Armodafinil is currently FDA-approved to treat excessive daytime sleepiness associated with obstructive sleep apnea, narcolepsy, and shift work disorder. It is commonly used off-label to treat attention deficit hyperactivity disorder, chronic fatigue syndrome, and major depressive disorder. It has been shown to improve vigilance in air traffic controllers.
Armodafinil is approved by the U.S. FDA for the treatment of narcolepsy and shift work sleep disorder, and as an adjuvant therapy for obstructive sleep apnea. For narcolepsy and obstructive sleep apnea, armodafinil is taken as a once daily 150 mg or 250 mg dose in the morning. For shift work sleep disorder, 150 mg of armodafinil are taken one hour prior to starting work. Slow dose titration is needed to mitigate some side effects.
Possible side effects also include depression, anxiety, hallucinations, euphoria, extreme increase in activity and talking, anorexia, tremor, thirst, rash, suicidal thoughts, and aggression.
Symptoms of an overdose on armodafinil include trouble sleeping, restlessness, confusion, disorientation, feeling excited, mania, hallucinations, nausea, diarrhea, severely increased or decreased heart beat, chest pain, and increased blood pressure.
The mechanism of action of armodafinil is unknown. Armodafinil (R-(−)-modafinil) has pharmacological properties almost identical to those of modafinil (a mixture of R-(−)- and (S)-(+)-modafinil). The (R)- and (S)-enantiomers have similar pharmacological action in animals. Armodafinil has wake-promoting actions similar to sympathomimetic agents including amphetamine and methylphenidate, although its pharmacologic profile is not identical to that of the sympathomimetic amines.

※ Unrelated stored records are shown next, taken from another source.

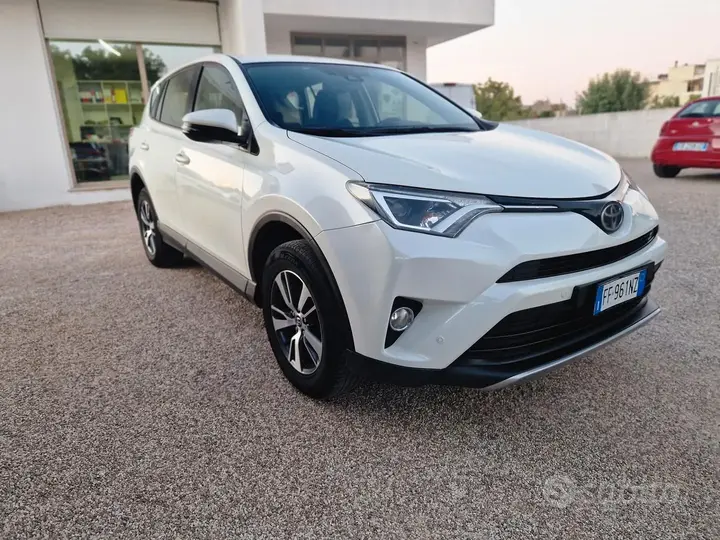 Toyota Rav4 2017 photo 3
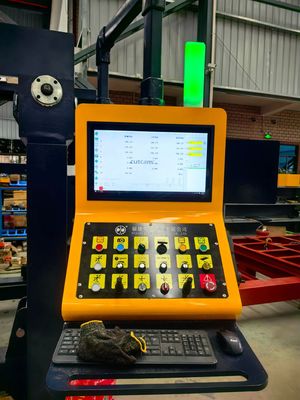 Professionele 5-assige CNC brugzaagmachine met 3400x2000mm werktafel en 0°-360° koprotatie voor precisie steenbewerking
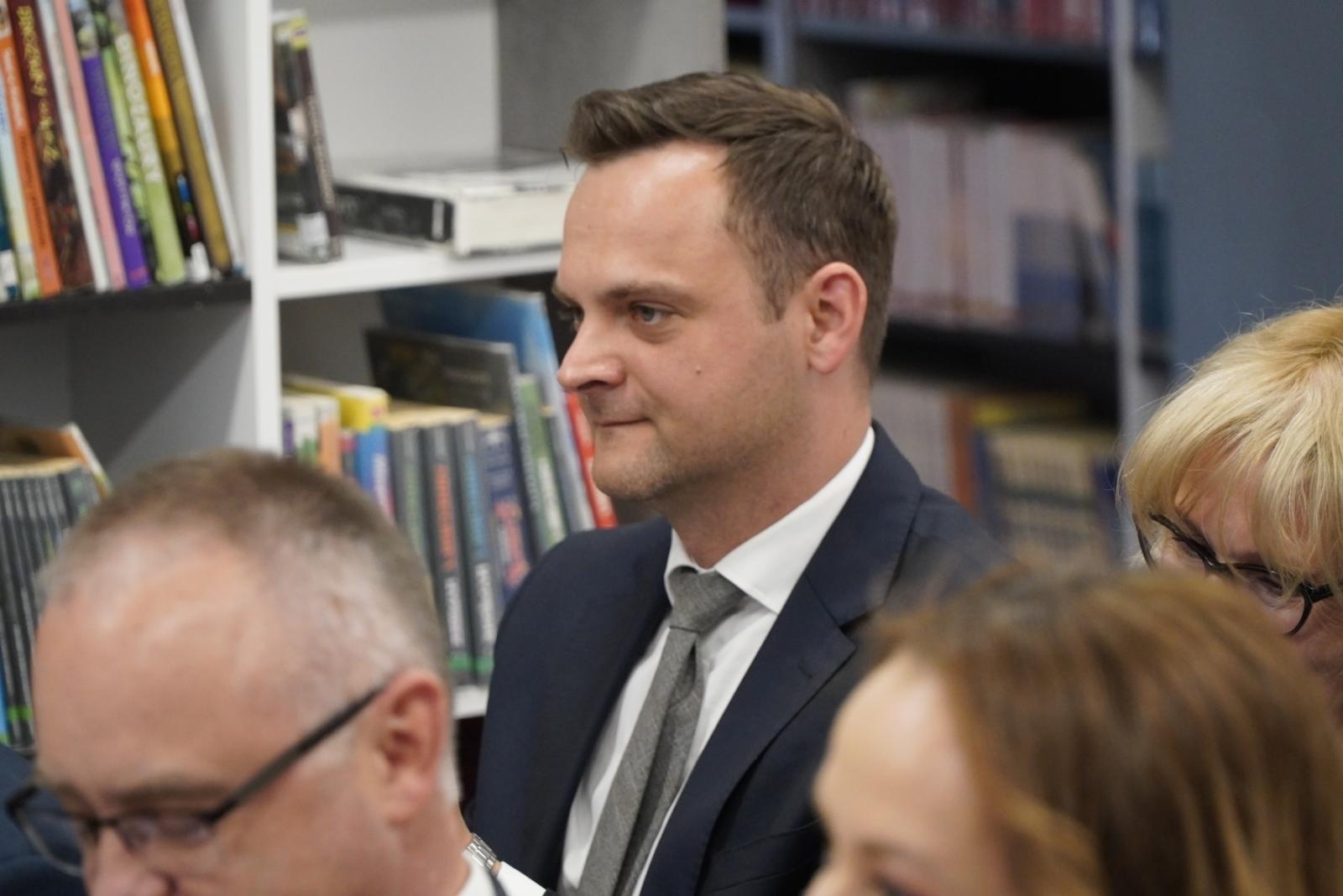 Zdjęcie w galerii na portalu naszraciborz.pl: Raciborscy bibliotekarze świętowali wiadomości z regionu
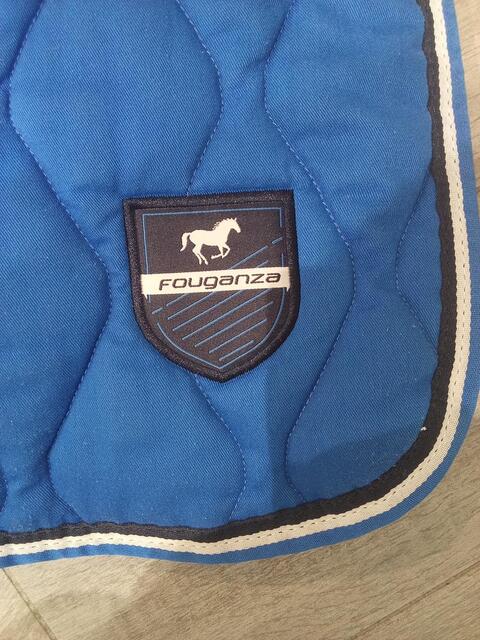 Tapis bleu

Armodafinil is an indirect dopamine receptor agonist; it binds in vitro to the dopamine transporter (DAT) and inhibits dopamine reuptake. For modafinil, this activity has been associated in vivo with increased extracellular dopamine levels. In genetically engineered mice lacking the dopamine transporter, modafinil lacked wake-promoting activity, suggesting that this activity was DAT-dependent. However, the wake-promoting effects of modafinil, unlike those of amphetamine, were not antagonized by the dopamine receptor antagonist haloperidol in rats. In addition, alpha-methyl-p-tyrosine, an inhibitor of dopamine synthesis, blocks the action of amphetamine but does not block locomotor activity induced by modafinil.

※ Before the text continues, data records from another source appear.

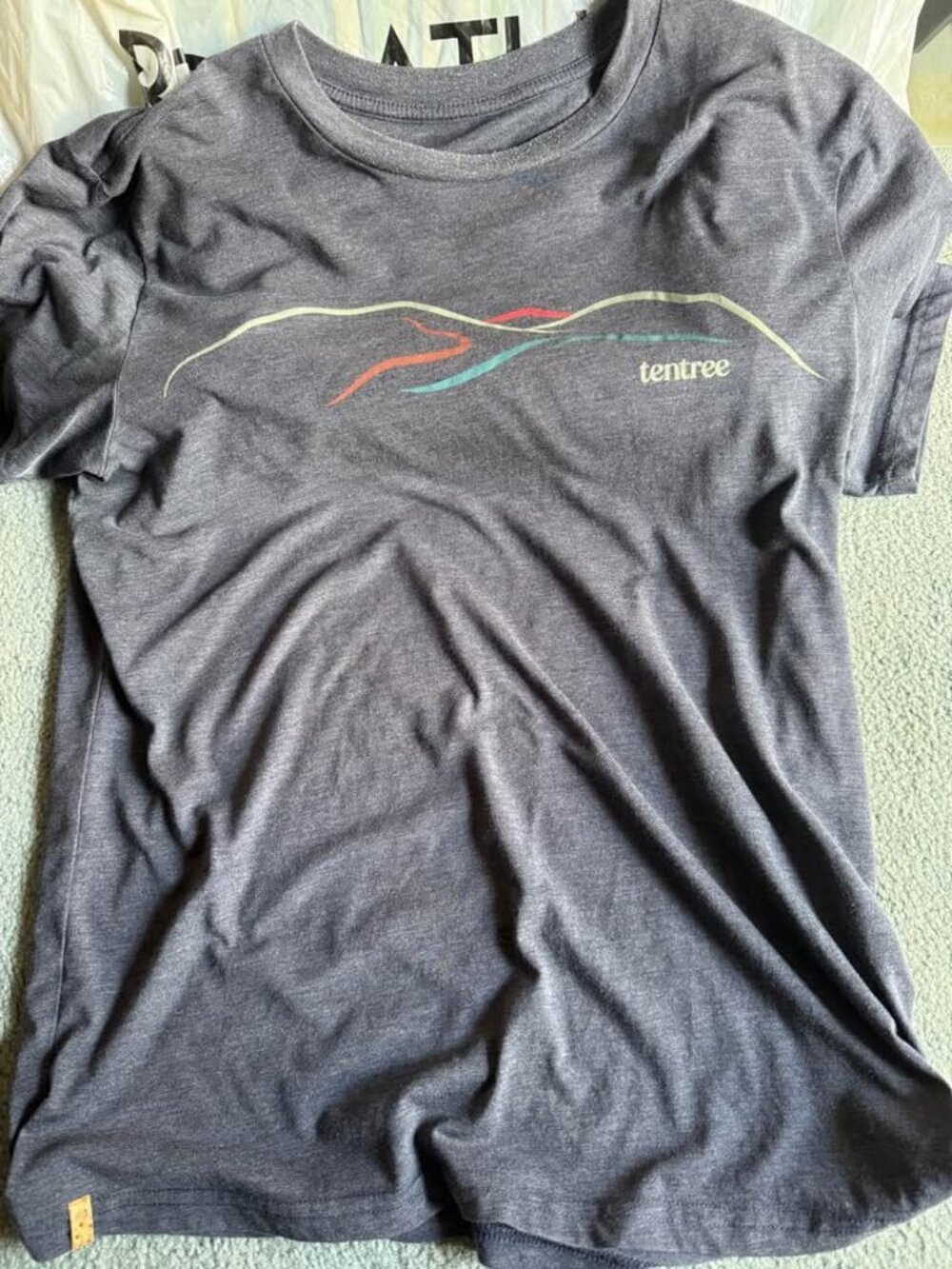 Tentree shirt M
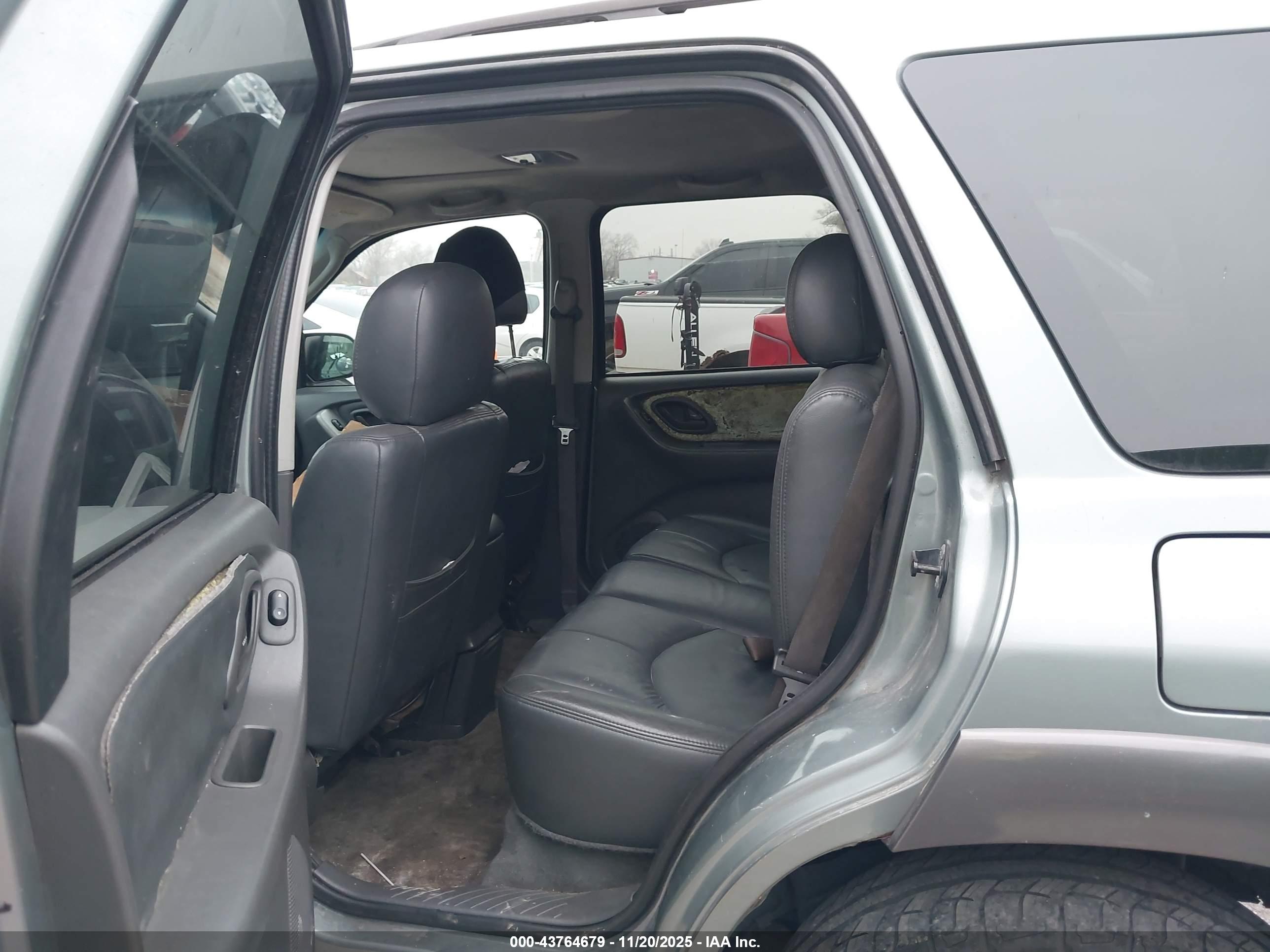 MAZDA TRIBUTE image 8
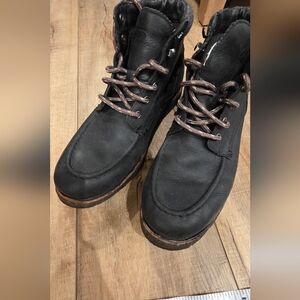 Ugg Leather Boots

In addition to its wake-promoting effects and ability to increase locomotor activity in animals, according to Nuvigil prescribing information from manufacturer Cephalon, armodafinil produces psychoactive and euphoric effects, alterations in mood, perception, thinking, and feelings typical of other central nervous system (CNS) stimulants in humans. Armodafinil, like racemic modafinil, may also possess reinforcing properties, as evidenced by its self-administration in monkeys previously trained to administer cocaine; armodafinil was also partially discriminated as stimulant-like. A Cephalon-founded study in which patients were administered modafinil, methylphenidate, and a placebo found that modafinil produces "psychoactive and euphoric effects and feelings consistent with [methylphenidate].

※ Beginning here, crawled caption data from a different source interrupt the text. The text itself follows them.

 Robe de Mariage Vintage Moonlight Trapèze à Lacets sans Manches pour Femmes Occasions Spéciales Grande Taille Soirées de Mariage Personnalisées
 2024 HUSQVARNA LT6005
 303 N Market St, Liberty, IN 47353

Armodafinil exhibits linear time-independent kinetics following single and multiple oral dose administration. Increase in systemic exposure is proportional over the dose range of 50–400 mg. No time-dependent change in kinetics was observed through 12 weeks of dosing. Apparent steady state for armodafinil was reached within 7 days of dosing. At steady state, the systemic exposure for armodafinil is 1.8 times the exposure observed after a single dose. The concentration-time profiles of the (R)-(−)-enantiomer following a single dose of 50 mg Nuvigil or 100 mg Provigil (modafinil being a 1:1 mixture of (R)-(−)- and (S)-(−)- enantiomers) are nearly superimposable. However, the Cmax of armodafinil at steady state was 37% higher following administration of 200 mg Nuvigil than the corresponding value of modafinil following administration of 200 mg Provigil due to the more rapid clearance of the (S)-(+)-enantiomer.
Armodafinil is readily absorbed after oral administration. The absolute oral bioavailability was not determined due to the aqueous insolubility of armodafinil, which precluded intravenousadministration. Peak plasma concentrations are attained at approximately 2 hours in the fasted state. Food effect on the overall bioavailability of armodafinil is considered minimal; however, time to reach peak concentration may be delayed 2–4 hours in the fed state. Since the delay in Tmax is also associated with elevated plasma concentration later in time, food can potentially affect the onset and time course of pharmacologic action of armodafinil.